--- START ---

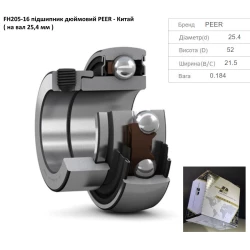FH205-16 підшипник дюймовий PEER - Китай ( на вал 25,4 мм )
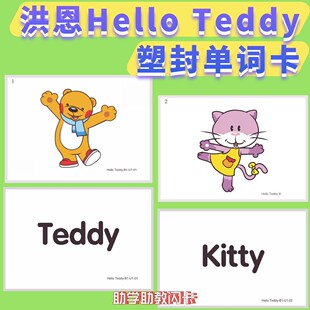 洪恩Hello Teddy塑封英语单词学习卡片儿童启蒙教学塑封闪卡1-8册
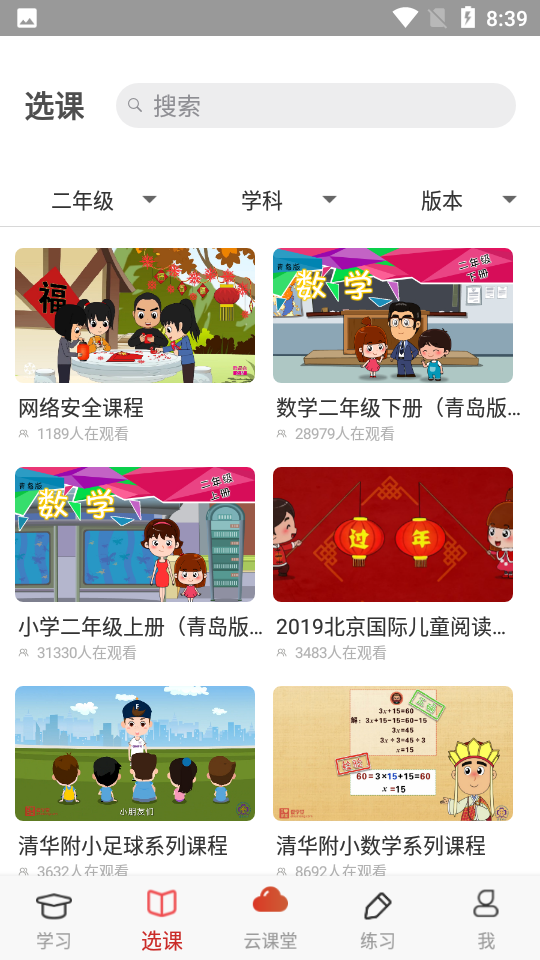 爱学堂app下载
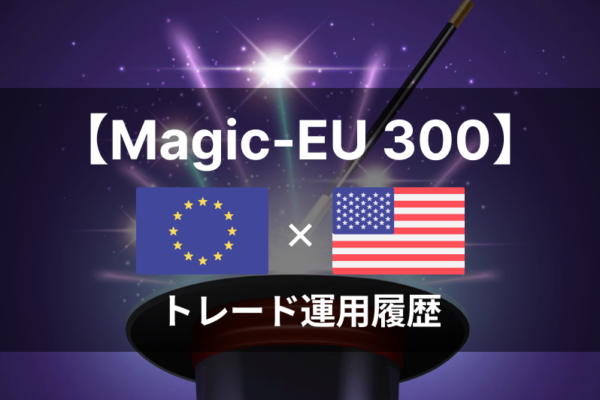 【Magic-EU300】2020年5月～｜FX自動売買トレード運用履歴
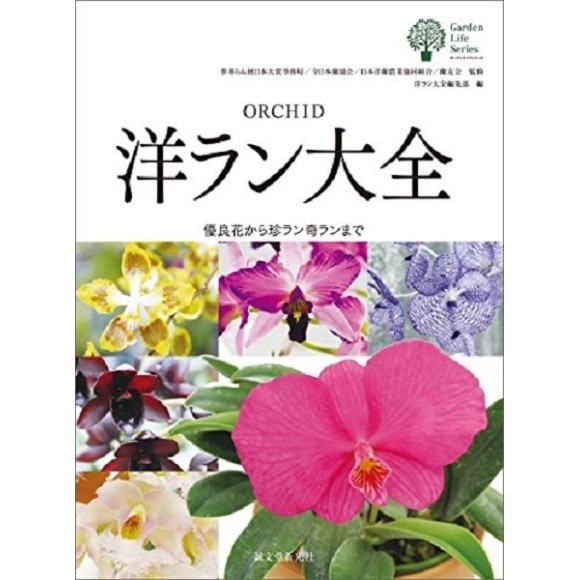 ORCHID Enclyclopedia - Garden Life Series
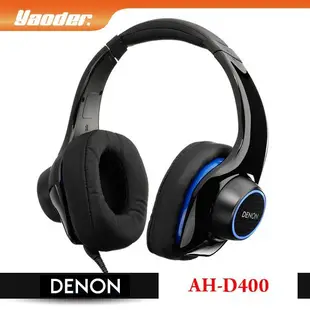 【曜德視聽】DENON AH-D400 強力低音系列 內建耳擴 支援智慧型手機通話 / 免運 / 送皮質收納袋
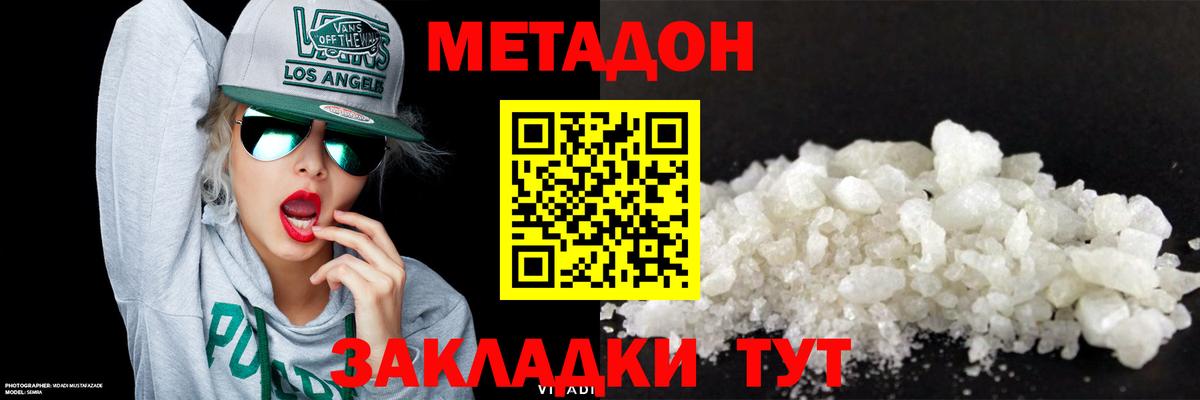 КОКАИН  МАРИХУАНА  МЕФ   Владикавказ  ГАШИШ  Вход с VPN 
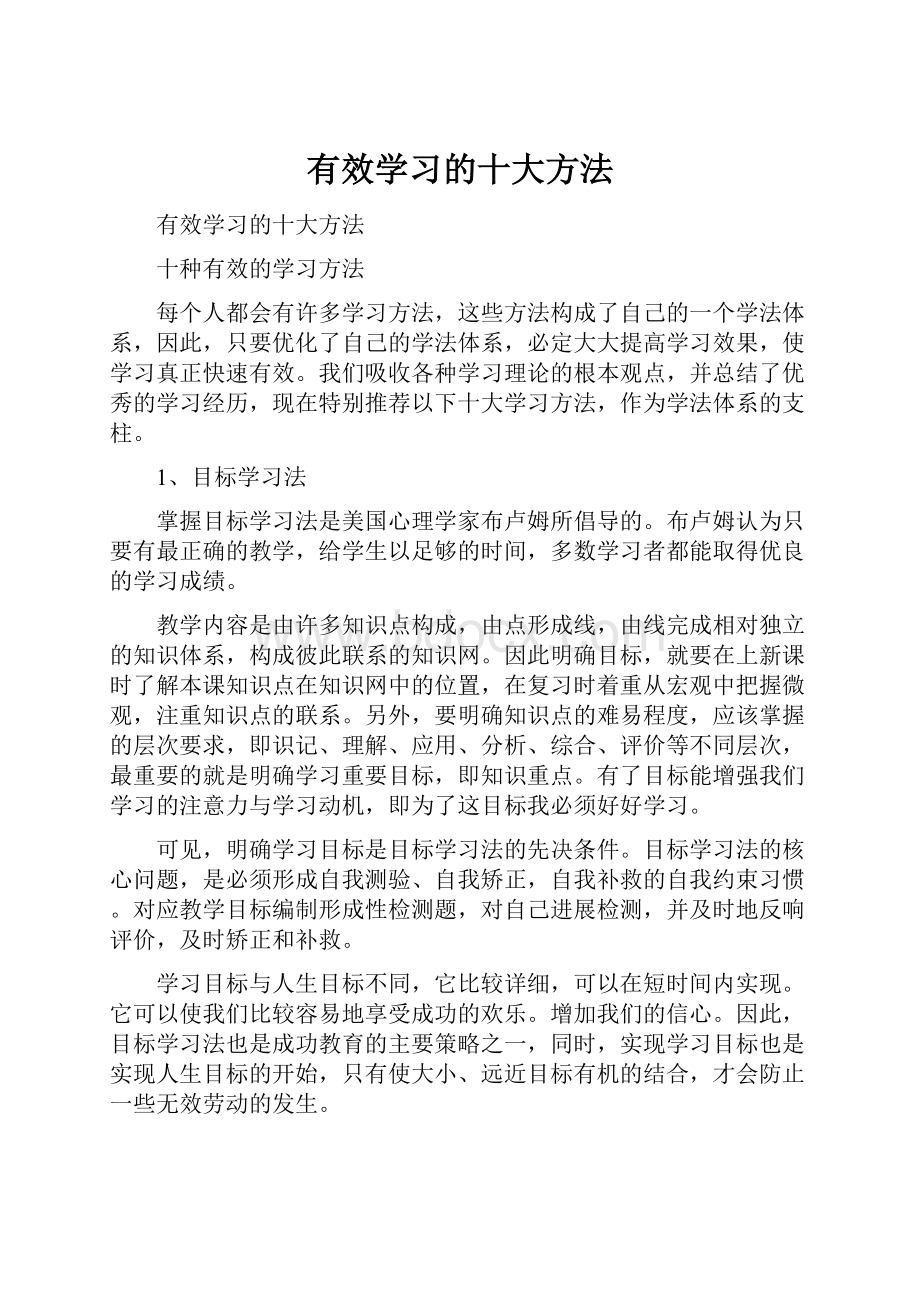 有效学习的十大方法.docx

--- END ---

Print all records word for word, no images.

FH205-16 підшипник дюймовий PEER - Китай ( на вал 25,4 мм )
 洪恩Hello Teddy塑封英语单词学习卡片儿童启蒙教学塑封闪卡1-8册
 爱学堂app下载
 【Magic-EU300】2020年5月～｜FX自動売買トレード運用履歴
 ORCHID Enclyclopedia - Garden Life Series
 【曜德視聽】DENON AH-D400 強力低音系列 內建耳擴 支援智慧型手機通話 / 免運 / 送皮質收納袋
 КОКАИН  МАРИХУАНА  МЕФ   Владикавказ  ГАШИШ  Вход с VPN 
 有效学习的十大方法.docx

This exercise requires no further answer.